### What you will do
Give the lines again exactly as they appear below, from the line with "4 KAT %40 İMARLI" to the line with "Adult Sailor Dance", both included, and only those lines. Leave every picture out.

**** Task material ****

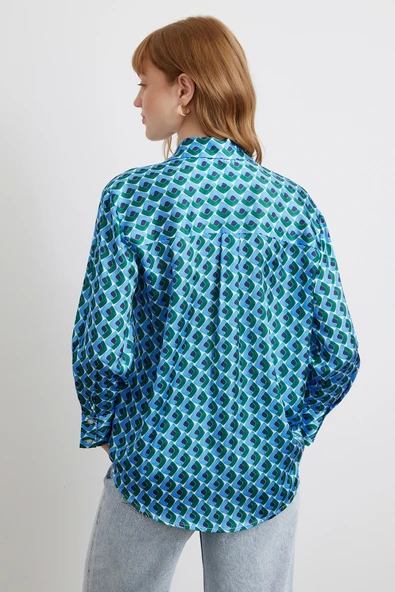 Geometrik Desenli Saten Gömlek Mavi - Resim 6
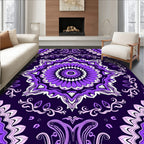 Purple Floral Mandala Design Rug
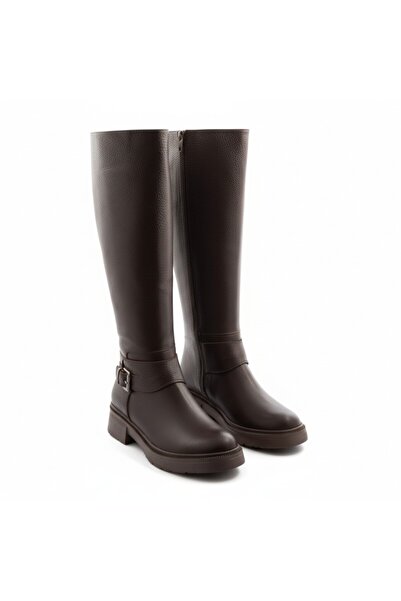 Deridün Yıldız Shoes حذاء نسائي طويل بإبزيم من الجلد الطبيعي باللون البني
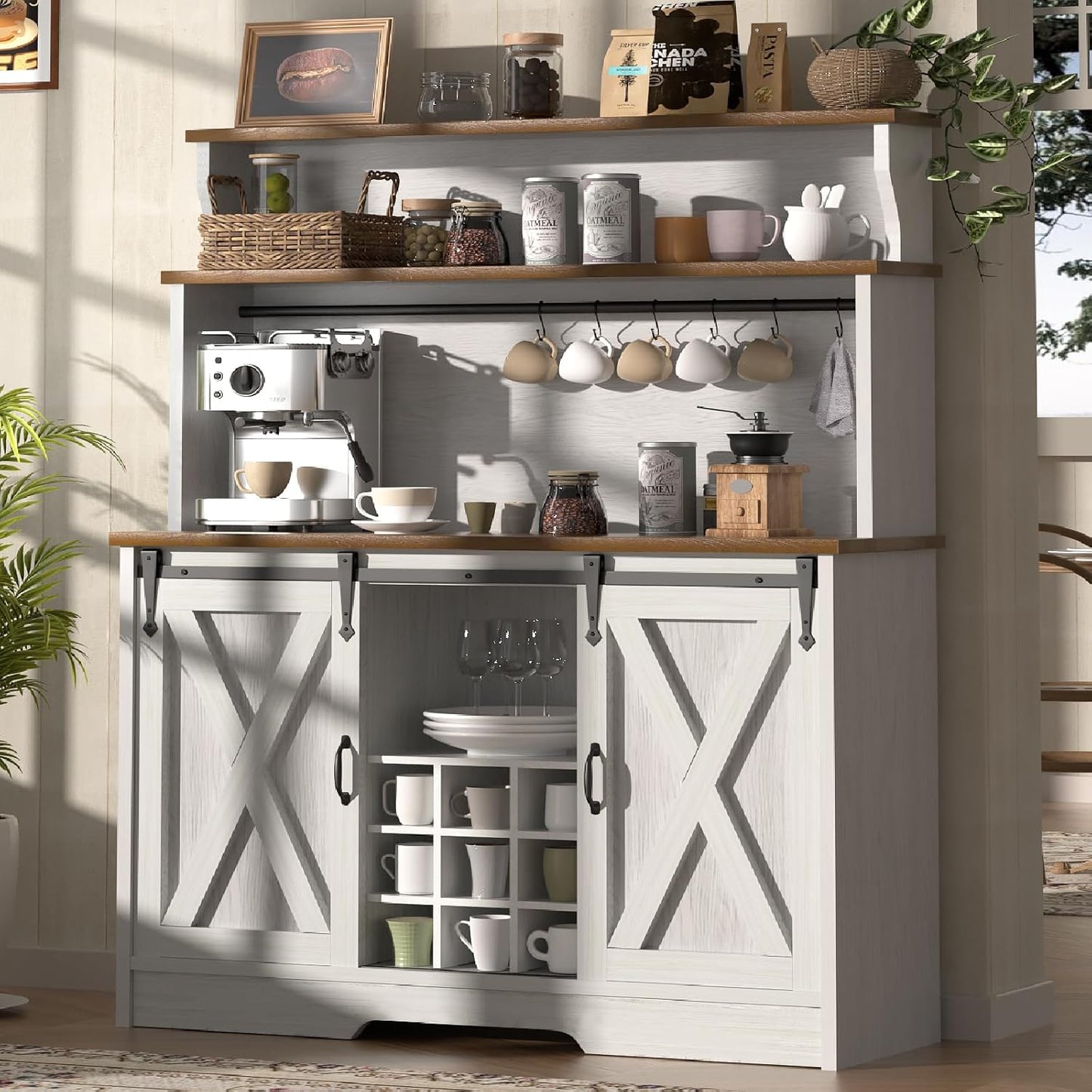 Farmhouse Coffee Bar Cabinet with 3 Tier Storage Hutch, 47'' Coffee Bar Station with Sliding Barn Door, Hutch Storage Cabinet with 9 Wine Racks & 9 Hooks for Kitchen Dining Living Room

****
**** Task material ****

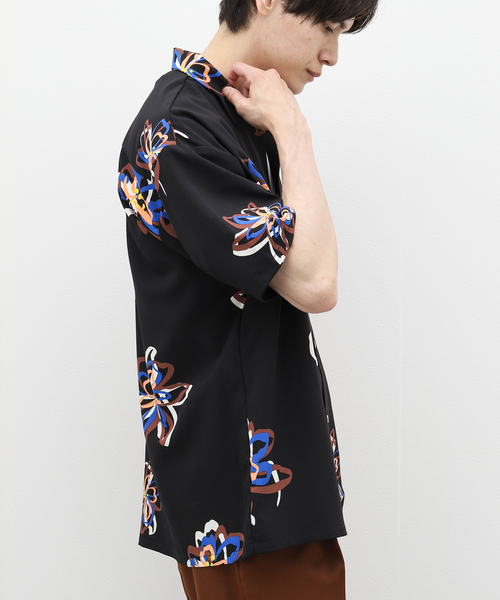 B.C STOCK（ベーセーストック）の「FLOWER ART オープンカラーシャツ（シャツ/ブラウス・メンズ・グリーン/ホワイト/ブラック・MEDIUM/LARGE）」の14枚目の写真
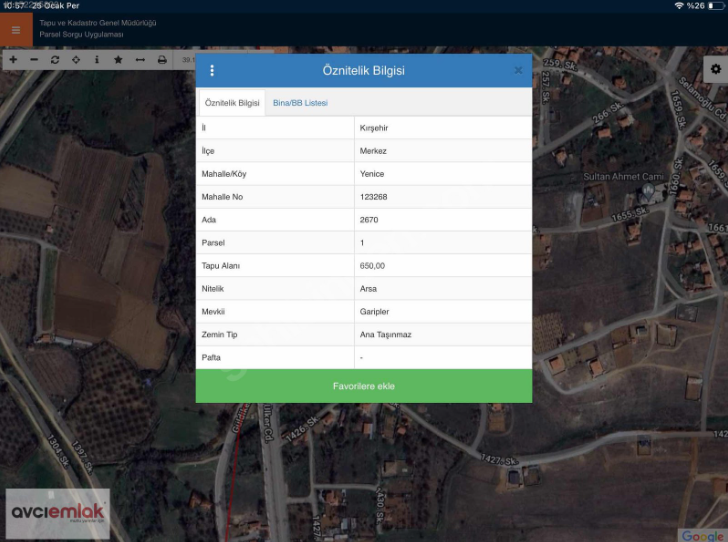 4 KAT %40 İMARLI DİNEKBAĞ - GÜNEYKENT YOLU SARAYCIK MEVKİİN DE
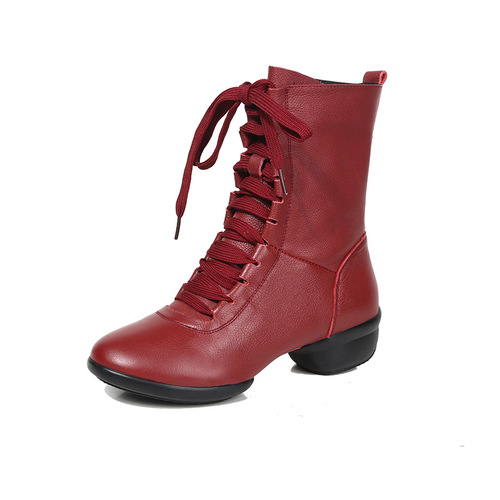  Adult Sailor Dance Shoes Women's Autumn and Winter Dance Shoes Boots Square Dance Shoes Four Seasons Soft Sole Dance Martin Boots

****
**** Task material ****

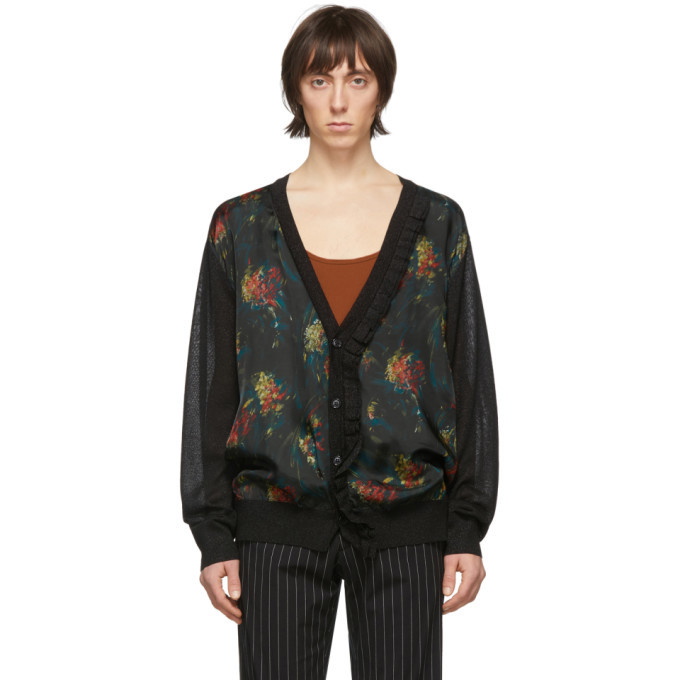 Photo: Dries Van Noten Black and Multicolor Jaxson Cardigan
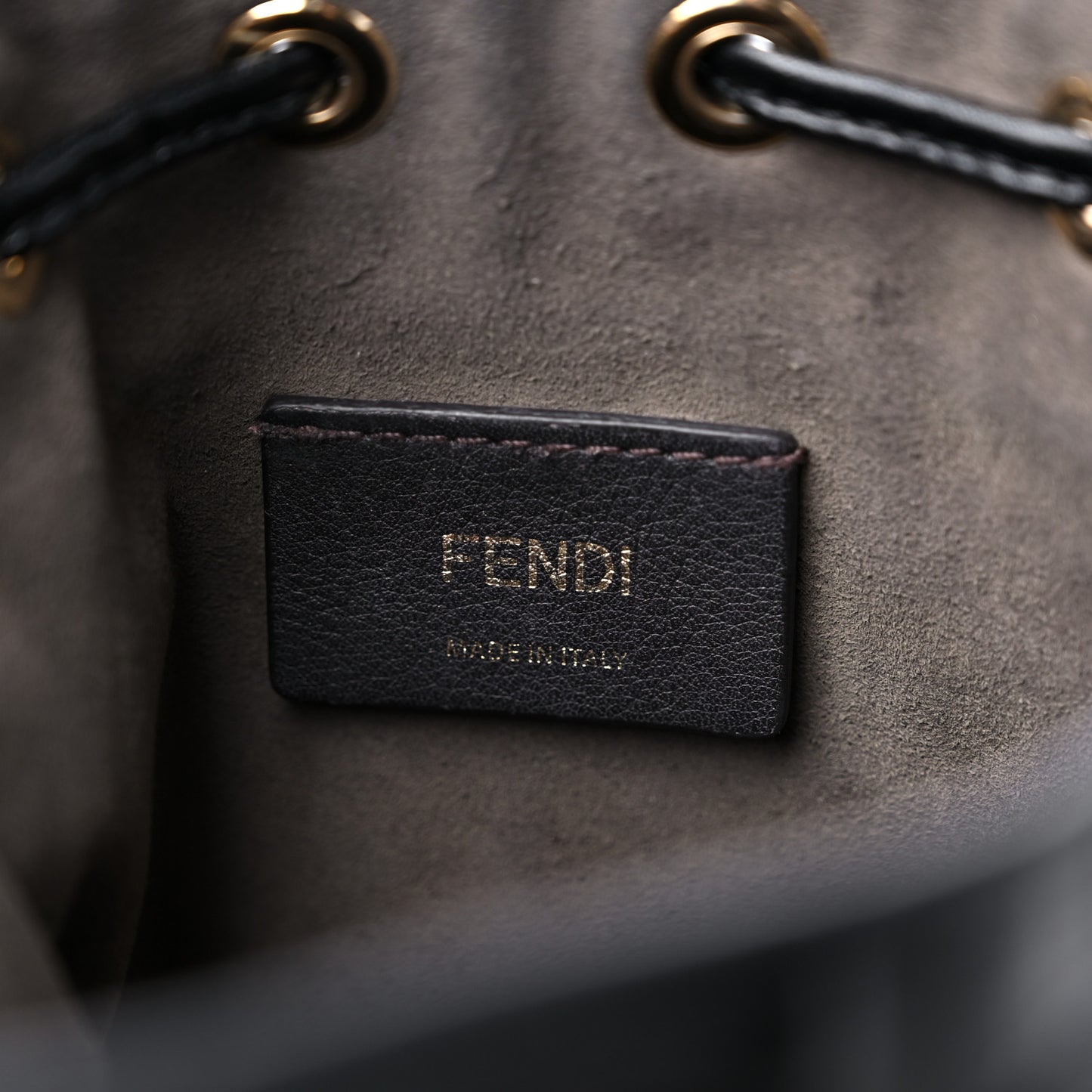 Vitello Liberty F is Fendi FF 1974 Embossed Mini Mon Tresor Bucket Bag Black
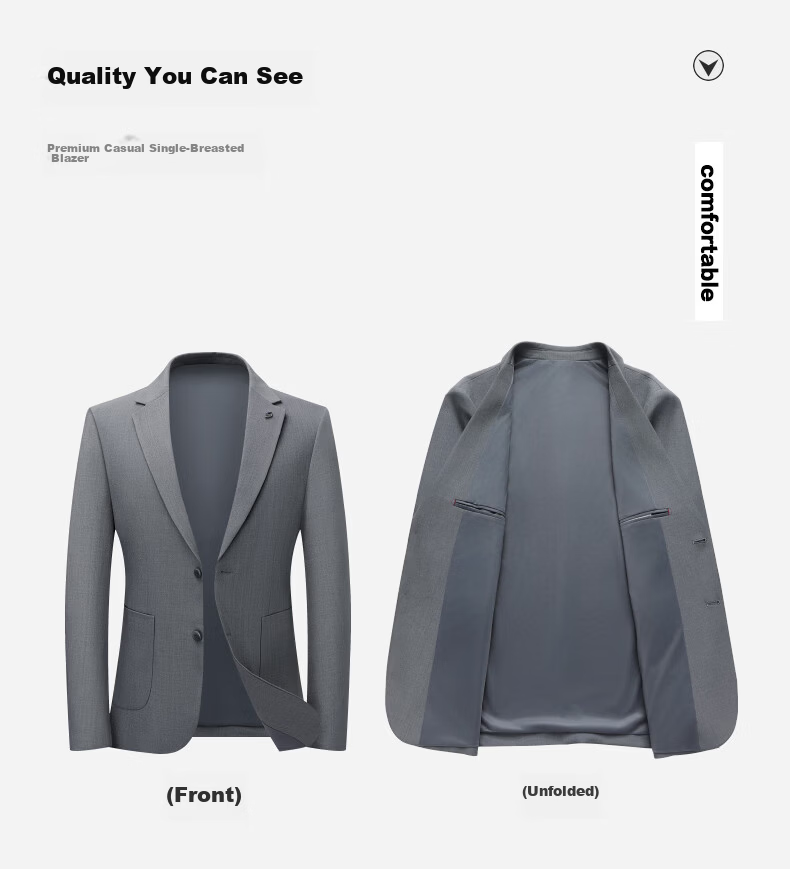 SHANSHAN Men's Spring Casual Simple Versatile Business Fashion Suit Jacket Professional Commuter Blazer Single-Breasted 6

****

### Answer box
 4 KAT %40 İMARLI DİNEKBAĞ - GÜNEYKENT YOLU SARAYCIK MEVKİİN DE
  Adult Sailor Dance Shoes Women's Autumn and Winter Dance Shoes Boots Square Dance Shoes Four Seasons Soft Sole Dance Martin Boots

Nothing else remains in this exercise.